• Activity: Below this line are records; transcribe exactly the lines between the one holding "اليوم الاخباري" and the one holding "Eastpak Tranverz 2-hjulig Resväska med hjul 67 cm Eastpak", inclusive, and omit the pictures.

### Raw data

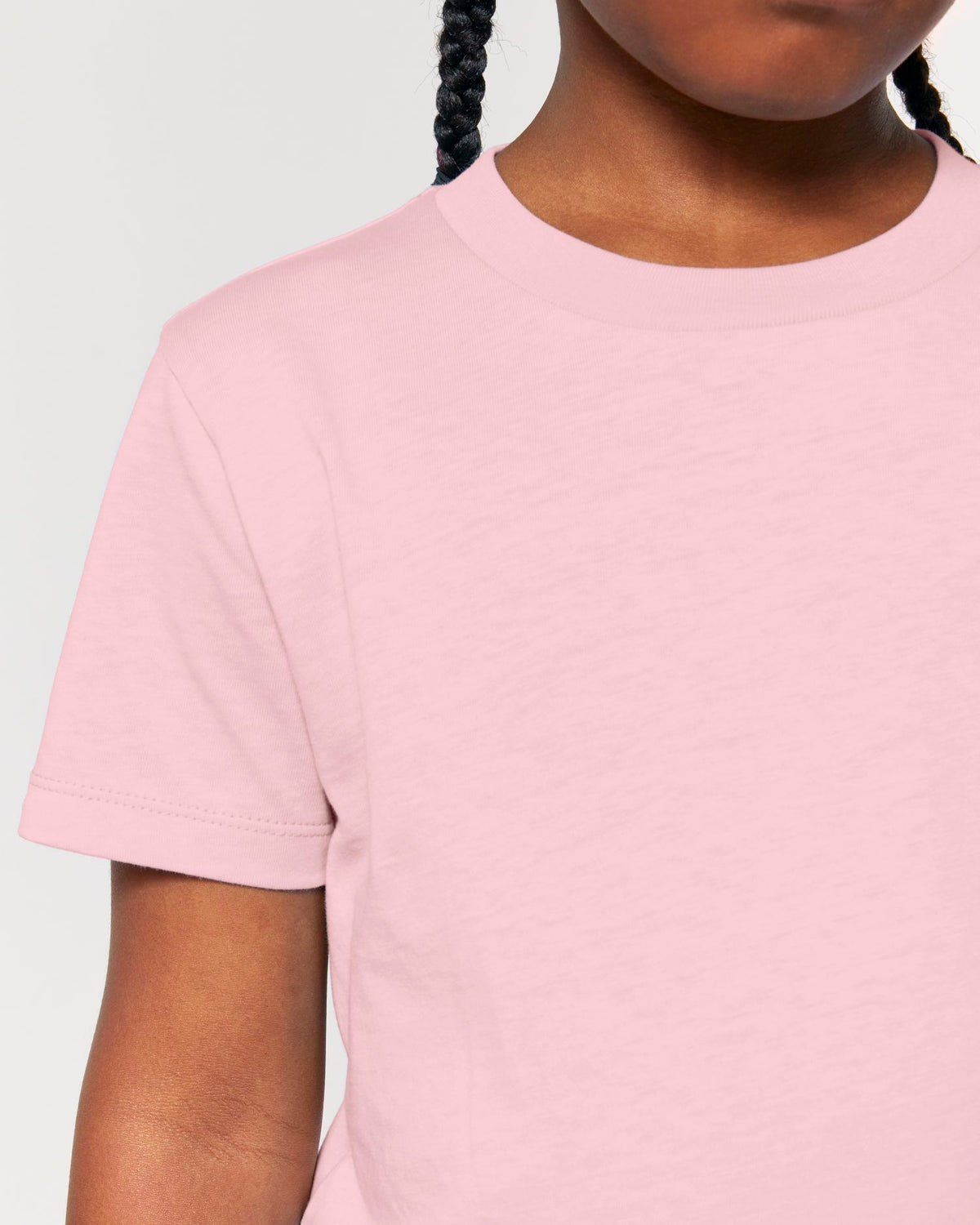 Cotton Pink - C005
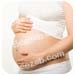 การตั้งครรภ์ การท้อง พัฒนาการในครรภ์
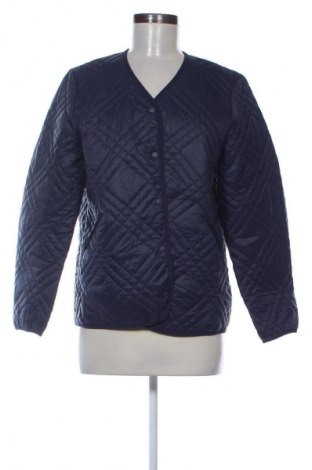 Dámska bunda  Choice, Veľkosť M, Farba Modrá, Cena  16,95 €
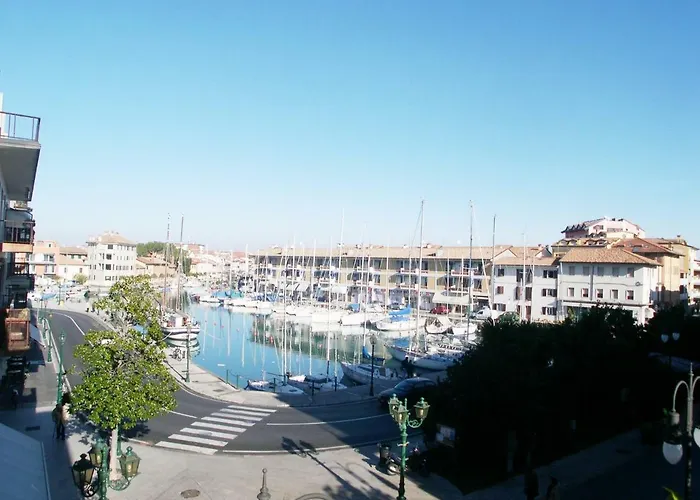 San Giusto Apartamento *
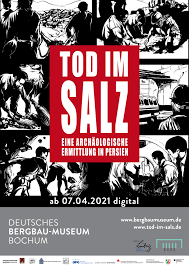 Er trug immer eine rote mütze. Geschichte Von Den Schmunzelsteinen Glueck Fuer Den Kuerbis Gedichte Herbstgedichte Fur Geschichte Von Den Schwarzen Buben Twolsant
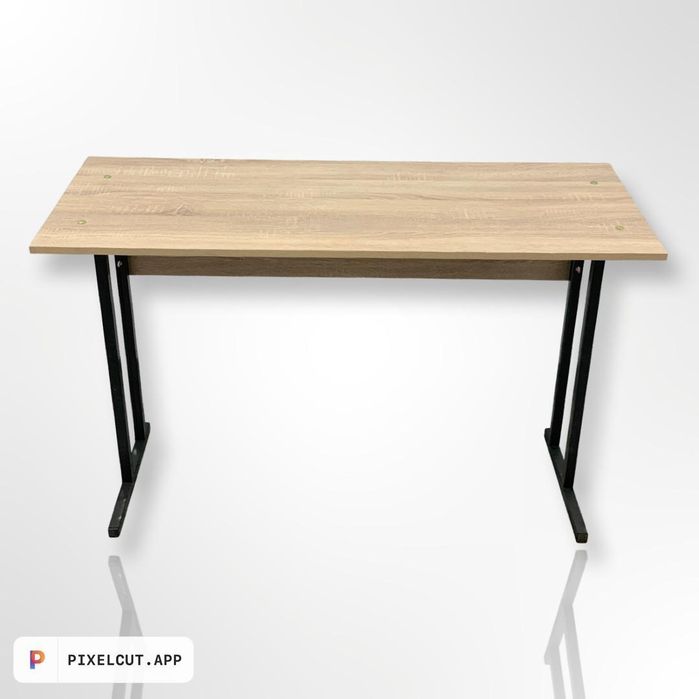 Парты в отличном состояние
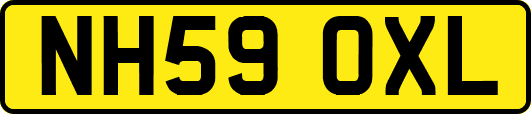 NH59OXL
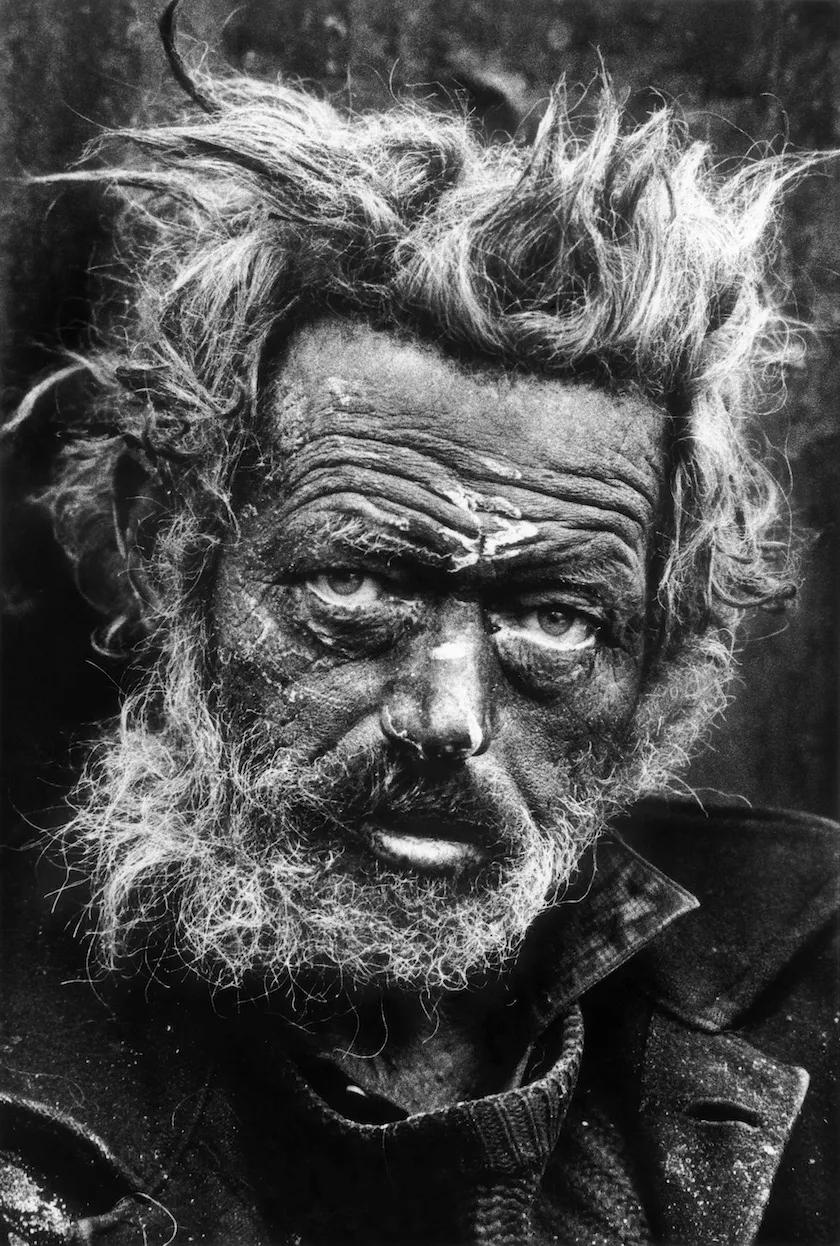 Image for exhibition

######
### Raw data

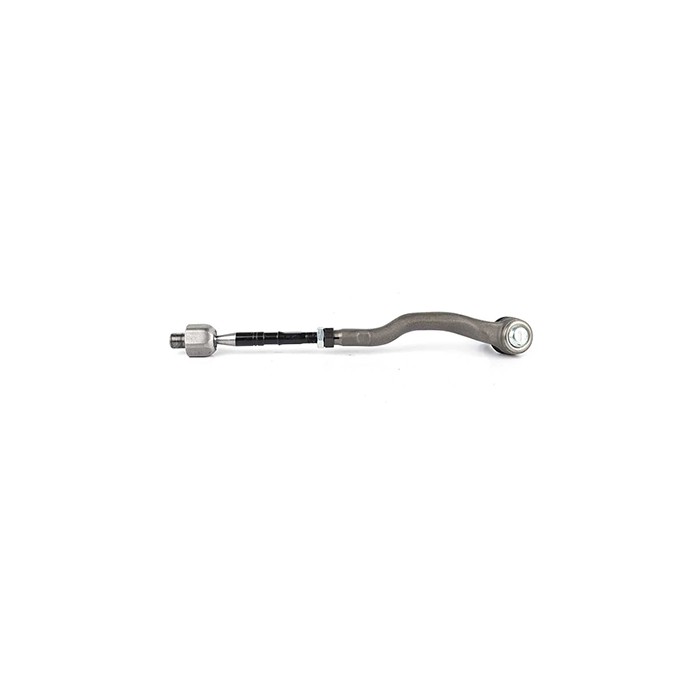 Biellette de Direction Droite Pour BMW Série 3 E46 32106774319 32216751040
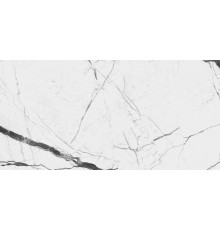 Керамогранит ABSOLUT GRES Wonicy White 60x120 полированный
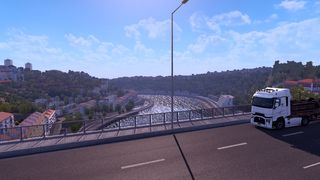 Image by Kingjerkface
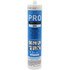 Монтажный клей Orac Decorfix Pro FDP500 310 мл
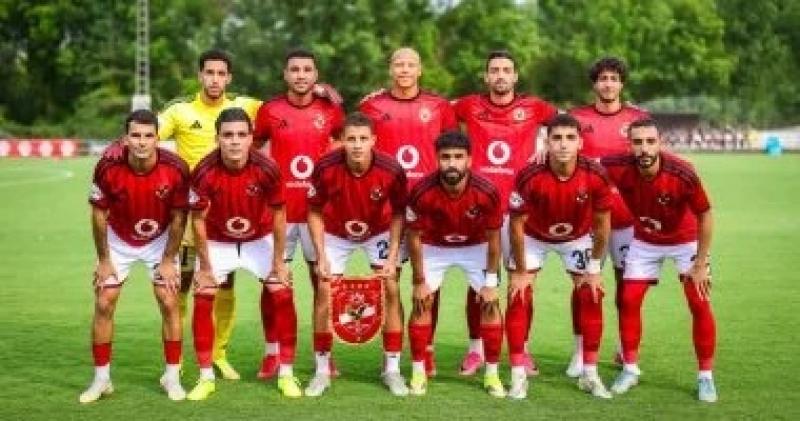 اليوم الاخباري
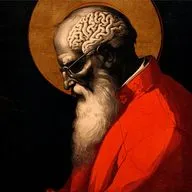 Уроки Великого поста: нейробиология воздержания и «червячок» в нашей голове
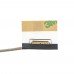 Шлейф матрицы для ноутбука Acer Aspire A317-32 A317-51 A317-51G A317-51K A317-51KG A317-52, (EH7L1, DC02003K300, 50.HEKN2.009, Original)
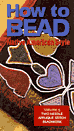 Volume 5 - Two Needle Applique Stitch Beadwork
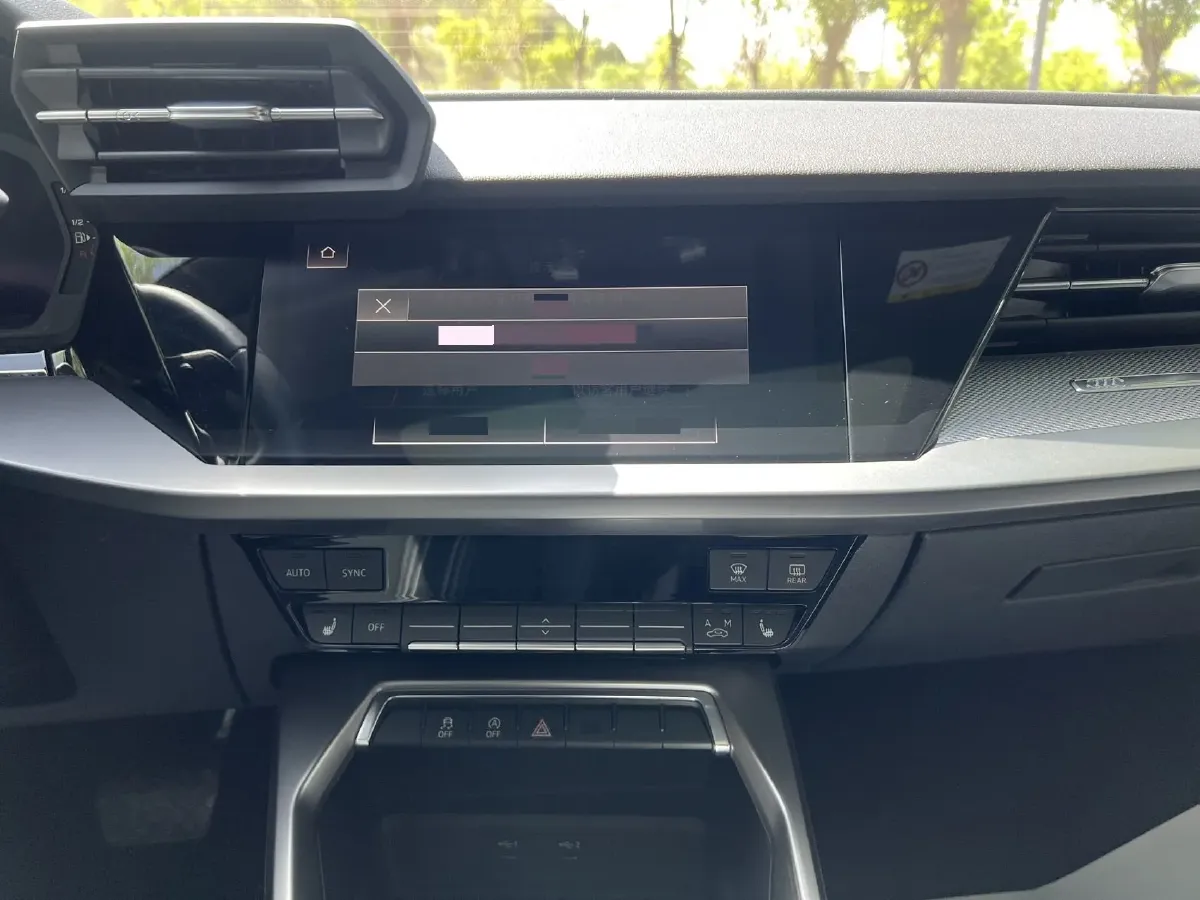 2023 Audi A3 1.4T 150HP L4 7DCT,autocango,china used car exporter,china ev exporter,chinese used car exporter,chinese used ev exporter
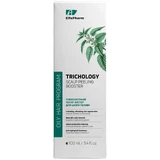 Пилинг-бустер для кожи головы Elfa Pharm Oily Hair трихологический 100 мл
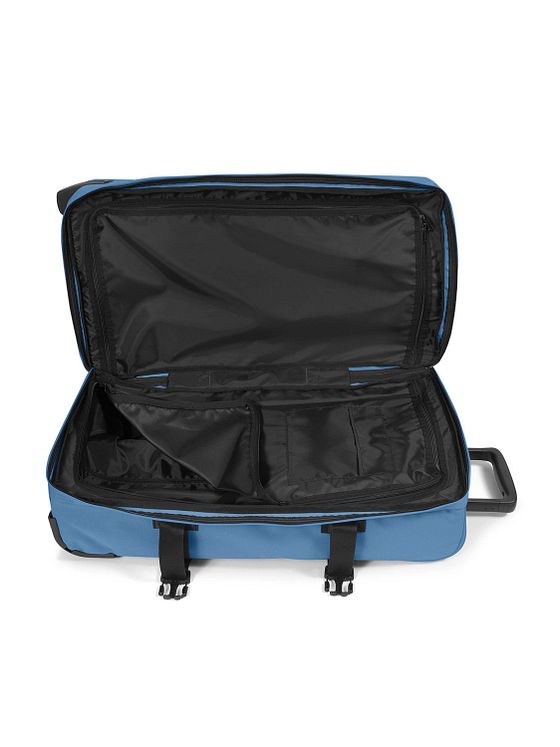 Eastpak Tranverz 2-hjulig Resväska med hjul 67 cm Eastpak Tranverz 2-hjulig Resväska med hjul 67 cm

######

• Response to the task:
 اليوم الاخباري
 Уроки Великого поста: нейробиология воздержания и «червячок» в нашей голове
 Шлейф матрицы для ноутбука Acer Aspire A317-32 A317-51 A317-51G A317-51K A317-51KG A317-52, (EH7L1, DC02003K300, 50.HEKN2.009, Original)
 Volume 5 - Two Needle Applique Stitch Beadwork
 2023 Audi A3 1.4T 150HP L4 7DCT,autocango,china used car exporter,china ev exporter,chinese used car exporter,chinese used ev exporter
 Пилинг-бустер для кожи головы Elfa Pharm Oily Hair трихологический 100 мл
 Eastpak Tranverz 2-hjulig Resväska med hjul 67 cm Eastpak Tranverz 2-hjulig Resväska med hjul 67 cm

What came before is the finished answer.